Po co Chińczykom tyle gwiazd Ligi Mistrzów?

Dodano:   /  Zmieniono: 
(fot. sxc.hu) Źródło:FreeImages.com
Niemalże w każdym zespole Superligi chińskiej gra obecnie zawodnik występujący niegdyś w Lidze Mistrzów. Specjaliści od piłki nożnej w Państwie Środka zastanawiają się, czy kosztowne zakupy podnoszą rzeczywiście poziom krajowego futbolu.

Do Superligi pozyskany został ostatnio Didier Drogba. Dołączył do takich gwiazd jak Nicolas Anelka, Frederic Kanoute i Yakubu Aiyegbeni. Obecnie każdy szanujący się klub chiński, który chce odnosić sukcesy, musi zdobyć dobrego zawodnika, grającego do niedawna w najlepszych ligach świata.

Moda ta, przekładająca się na zainteresowanie kibiców, jest tak powszechna, że nawet średniej klasy kluby muszą zatrudniać sławnych piłkarzy. Zaniepokojeni tym zjawiskiem specjaliści rozpoczęli otwartą dyskusję na łamach portalu Bandaochenbao, która wzbudziła ożywioną polemikę na ten temat.

Gwiazdy futbolu, które są gotowe przyjechać do Chin, okres świetności mają za sobą. Według ocen analityków, większość zakupionych przez kluby zawodników reprezentuje poziom trzeciorzędnej grupy piłkarzy Champions League. Dołączyły wprawdzie do nich wielkie nazwiska, jak Anelka, Drogba czy Kanoute, które mają przynieść sukcesy sportowe i wymierne efekty finansowe, ale nie zmienia to wciąż niskiego poziomu Superligi chińskiej.

Obecnie każdy z liczących się klubów - kantoński Hengda, pekiński Guoan, czy szanghajski Shenhua ma w swoim składzie byłe gwiazdy europejskiego futbolu. Do tego dochodzą mniej znane, sprowadzane najczęściej z Brazylii. W efekcie ponad połowę składu drużyn stanowią cudzoziemcy. Kluby mają pokaźne fundusze, z którymi nie mogą się równać nawet zamożne zespoły z Arabii Saudyjskiej, Zjednoczonych Emiratów Arabskich czy Kataru.

Roczne gaże gwiazd futbolu są około dwukrotnie wyższe niż w Europie. Łącznie kosztują chińskie kluby ponad 500 mln juanów (około 265 mln zł).

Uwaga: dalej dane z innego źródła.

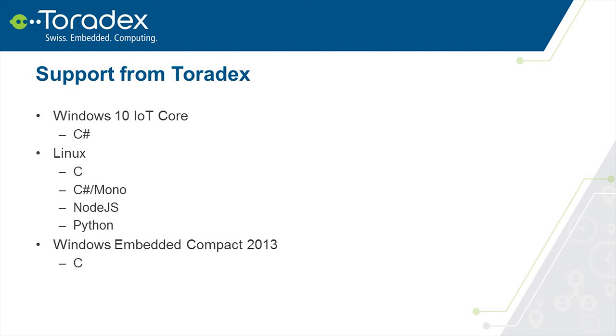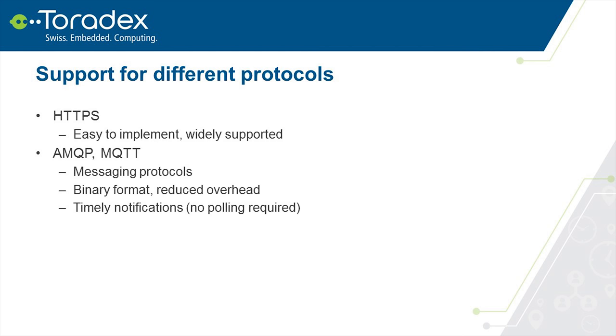We support different protocols: HTTPS and messaging-related protocols including AMQP and MQTT. HTTPS is the easiest protocol to support and will work in any network. AMQP and MQTT may require some care to be enabled on corporate networks, but they are designed for messaging, which reduces communication overhead — important when you pay for the amount of data exchanged. They are also better for timely notifications since HTTP requires polling from the client to the server.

Ich honoraria są niewiele niższe niż łączna wartość wynagrodzeń pozostałych zawodników.

Jeśli przyjrzeć się bliżej efektom zatrudniania wielkich gwiazd, to są one, zdaniem chińskich analityków, niewspółmierne z nakładami finansowymi. Jedynym sukcesem było wejście klubu kantońskiego Hengda do czołowej ósemki azjatyckiej Champions League (AFC). W wielu przypadkach zatrudnienie cudzoziemców nie przynosi pożądanych skutków. Szanghajski Shenhua ma wielu zagranicznych zawodników, ale jego pozycja cały czas spada; obecnie zajmuje 12. miejsce w tabeli.

Sprowadzanie gwiazd światowego futbolu ma na celu nie tylko doraźne sukcesy, ale też podniesienie ogólnego poziomu chińskiej piłki i popularyzację tego sportu wśród młodzieży. Zdaniem analityków, na takie efekty jest jeszcze za wcześnie i pieniądze wydane na zakup znanych zawodników mogą być chybioną inwestycją.